Of every head he's had the pleasure to know

No, I said to myself, that's not right. And I Googled for confirmation. But instead of confirmation, I got disconfirmation and this:

In Penny Lane there is a barber showing photographs
Of every head he's had the pleasure to know"

I thought it was "pleasure to have known" as well. It isn't

Why bother?

Tracing stuff for OSM is an excuse to get out on the bike, get some relaxing exercise, explore places that I wouldn't otherwise visit, and learn a bit more about the area where I now live, and its history. As I add stuff, I tick it off my list of local things that are missing from the map, because doing this also satisfies my urge to see things completed. I also like to think that I am sharing something which is going to be of value to others. So my reasons aren't entirely selfish.

It's been bugging me that I never finished plotting the Harding cycle route near Amersham that I began to add back in September. Since then I've finished the other two cycle routes that make up the three loops of the Chiltern Heritage Cycle Trail. As they were rendered on OSM, bits of the Harding route were left dangling, which looked wrong.

So yesterday I thought I would try to close the two remaining gaps in the Harding route. One ran northwards from Chesham through Asheridge to St Leonards. The other ran eastwards from Amersham towards Chenies. I'd missed both parts last time because I'd got myself confused with the signage on the ground, and drifted off route. This time, though, I managed to follow both.

It baffles me how I lost the stretch between Amersham and Chenies last time. It's perfectly well signed, and quite straightforward. Presumably I was tired, or distracted at a critical point. This time I misread things at one stage, and dithered a bit, but apart from that it was easy enough to follow the route. It wasn't so easy to cycle a very muddy and slippery bridleway through the woods on a bike designed for the road though.

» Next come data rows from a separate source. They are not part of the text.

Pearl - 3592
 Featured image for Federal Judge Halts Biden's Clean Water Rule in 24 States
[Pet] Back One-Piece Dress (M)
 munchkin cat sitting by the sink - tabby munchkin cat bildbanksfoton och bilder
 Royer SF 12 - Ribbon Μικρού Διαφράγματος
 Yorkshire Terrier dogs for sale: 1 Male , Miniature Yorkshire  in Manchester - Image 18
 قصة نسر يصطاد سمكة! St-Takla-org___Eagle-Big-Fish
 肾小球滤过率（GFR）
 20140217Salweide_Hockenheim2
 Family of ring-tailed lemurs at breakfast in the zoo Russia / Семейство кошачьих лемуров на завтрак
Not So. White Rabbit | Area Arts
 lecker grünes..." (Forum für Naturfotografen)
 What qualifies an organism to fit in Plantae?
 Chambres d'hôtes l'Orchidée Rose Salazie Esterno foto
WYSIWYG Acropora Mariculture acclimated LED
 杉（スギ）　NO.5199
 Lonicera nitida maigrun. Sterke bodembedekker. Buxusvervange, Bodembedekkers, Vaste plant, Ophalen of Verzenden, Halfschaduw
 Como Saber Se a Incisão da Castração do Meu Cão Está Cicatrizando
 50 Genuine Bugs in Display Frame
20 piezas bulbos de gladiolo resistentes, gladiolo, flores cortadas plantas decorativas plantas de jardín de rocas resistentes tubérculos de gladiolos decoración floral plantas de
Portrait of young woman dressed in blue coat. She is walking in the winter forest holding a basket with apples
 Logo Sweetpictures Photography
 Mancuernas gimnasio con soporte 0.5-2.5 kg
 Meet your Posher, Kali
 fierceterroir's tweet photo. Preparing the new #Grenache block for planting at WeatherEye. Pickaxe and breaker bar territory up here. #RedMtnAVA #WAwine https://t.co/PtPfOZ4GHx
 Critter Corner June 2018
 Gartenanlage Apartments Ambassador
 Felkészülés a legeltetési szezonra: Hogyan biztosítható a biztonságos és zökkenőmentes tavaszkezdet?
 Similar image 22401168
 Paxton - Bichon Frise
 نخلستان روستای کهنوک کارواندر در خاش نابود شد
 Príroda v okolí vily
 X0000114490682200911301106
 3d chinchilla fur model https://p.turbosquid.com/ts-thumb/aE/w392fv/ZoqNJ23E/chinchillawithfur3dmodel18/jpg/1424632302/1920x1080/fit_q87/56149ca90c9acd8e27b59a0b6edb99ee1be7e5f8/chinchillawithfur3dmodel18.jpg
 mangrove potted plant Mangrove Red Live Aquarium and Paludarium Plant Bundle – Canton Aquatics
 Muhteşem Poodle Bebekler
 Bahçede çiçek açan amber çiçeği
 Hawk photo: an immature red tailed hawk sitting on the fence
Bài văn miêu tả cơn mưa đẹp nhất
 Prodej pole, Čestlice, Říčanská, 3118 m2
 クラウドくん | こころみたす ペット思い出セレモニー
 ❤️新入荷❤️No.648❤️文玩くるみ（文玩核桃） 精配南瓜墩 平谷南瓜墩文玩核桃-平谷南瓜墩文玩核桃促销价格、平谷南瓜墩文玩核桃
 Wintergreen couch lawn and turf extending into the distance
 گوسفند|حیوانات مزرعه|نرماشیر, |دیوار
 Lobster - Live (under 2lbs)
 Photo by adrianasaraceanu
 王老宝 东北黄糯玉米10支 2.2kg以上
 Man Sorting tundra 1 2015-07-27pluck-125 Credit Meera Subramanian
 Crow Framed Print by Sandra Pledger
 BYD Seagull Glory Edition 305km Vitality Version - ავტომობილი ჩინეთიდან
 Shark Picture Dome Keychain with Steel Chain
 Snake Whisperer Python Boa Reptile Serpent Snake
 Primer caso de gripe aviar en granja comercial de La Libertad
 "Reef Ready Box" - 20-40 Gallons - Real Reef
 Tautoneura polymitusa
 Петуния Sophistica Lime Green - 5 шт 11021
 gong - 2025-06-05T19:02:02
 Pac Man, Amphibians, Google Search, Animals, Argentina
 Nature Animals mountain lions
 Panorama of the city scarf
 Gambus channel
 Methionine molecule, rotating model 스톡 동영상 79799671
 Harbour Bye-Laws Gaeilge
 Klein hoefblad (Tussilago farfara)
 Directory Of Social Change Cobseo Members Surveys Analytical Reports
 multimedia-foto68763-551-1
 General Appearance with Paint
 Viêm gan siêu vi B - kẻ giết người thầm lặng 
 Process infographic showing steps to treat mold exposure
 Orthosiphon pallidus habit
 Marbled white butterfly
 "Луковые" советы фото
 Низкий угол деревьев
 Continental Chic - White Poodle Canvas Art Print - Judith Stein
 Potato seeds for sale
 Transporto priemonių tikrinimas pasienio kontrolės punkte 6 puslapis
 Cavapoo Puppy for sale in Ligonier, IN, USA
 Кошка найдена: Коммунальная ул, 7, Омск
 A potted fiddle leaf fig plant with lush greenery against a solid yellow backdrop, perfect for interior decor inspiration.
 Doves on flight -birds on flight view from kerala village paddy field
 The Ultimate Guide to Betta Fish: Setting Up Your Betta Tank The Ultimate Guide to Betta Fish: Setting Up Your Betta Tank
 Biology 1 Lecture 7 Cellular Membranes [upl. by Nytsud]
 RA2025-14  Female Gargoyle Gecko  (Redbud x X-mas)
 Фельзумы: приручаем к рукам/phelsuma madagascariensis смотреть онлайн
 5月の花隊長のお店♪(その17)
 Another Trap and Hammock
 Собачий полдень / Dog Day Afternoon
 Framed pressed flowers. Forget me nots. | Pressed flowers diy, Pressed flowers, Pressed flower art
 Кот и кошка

I can understand better how I lost the stretch from Chesham to St Leonards last time, because the route through Chesham is a bit convoluted. I've now had a few chances to untangle how this works, but until yesterday I never really got it. This time I finally did, but it still meant frequent stops to check the instructions in the leaflet, and a certain amount of back tracking. After Chesham things are much more straightforward. The only challenge was that the road was flooded in a couple of places, so I got the chance to swoosh through a couple of inches of water with my feet off the pedals. Great fun.

Quite a bit of the route that I was following is also Sustrans regional route 30, so I've added that as well. Some of the route 30 signs are very clear, and look quite new, but between Chesham and Amersham they appeared to disappear and then reappear, so I'm not absolutely sure that I've got it right. Looking at the Sustrans map of the area, they seem to leave out bits of the various routes that are properly signed on the ground, and the bits they have plotted don't always match up with what I saw on the ground. Maybe there are a lot of changes going on, or maybe I'm not the only one who is struggling to untangle all the cycle routes in the area.

I hope that spending a day trying to plot this stuff is going to be useful to somebody, but whether it is or not, I selfishly had the benefit of a good 60 miles riding over fairly hilly landscape. I left the daily grind well behind me, got home tired, had a great night's sleep, and my legs are feeling the effects this morning. The weather wasn't perfect. It was dry to begin with, but drizzle turned to rain on my way home, and I was soaked by the time I got in. But I enjoyed the ride through some decent countryside, with decent views. We'll see how the results are rendered in a few days time, but however they turn out, it was well worth the effort, just for the day out.

Friday, 4 December 2009


There's a nice post here about the proportion of pubs that can be found on Open Street Map. It seems that more than 60% of Britain's 53,466 pubs still need to be added (based on data from OSM and the Guardian).

I have to admit that recently I've not been doing as much as I would like to support this part of the UK economy, but I have noticed a lot of pubs that have recently closed around here.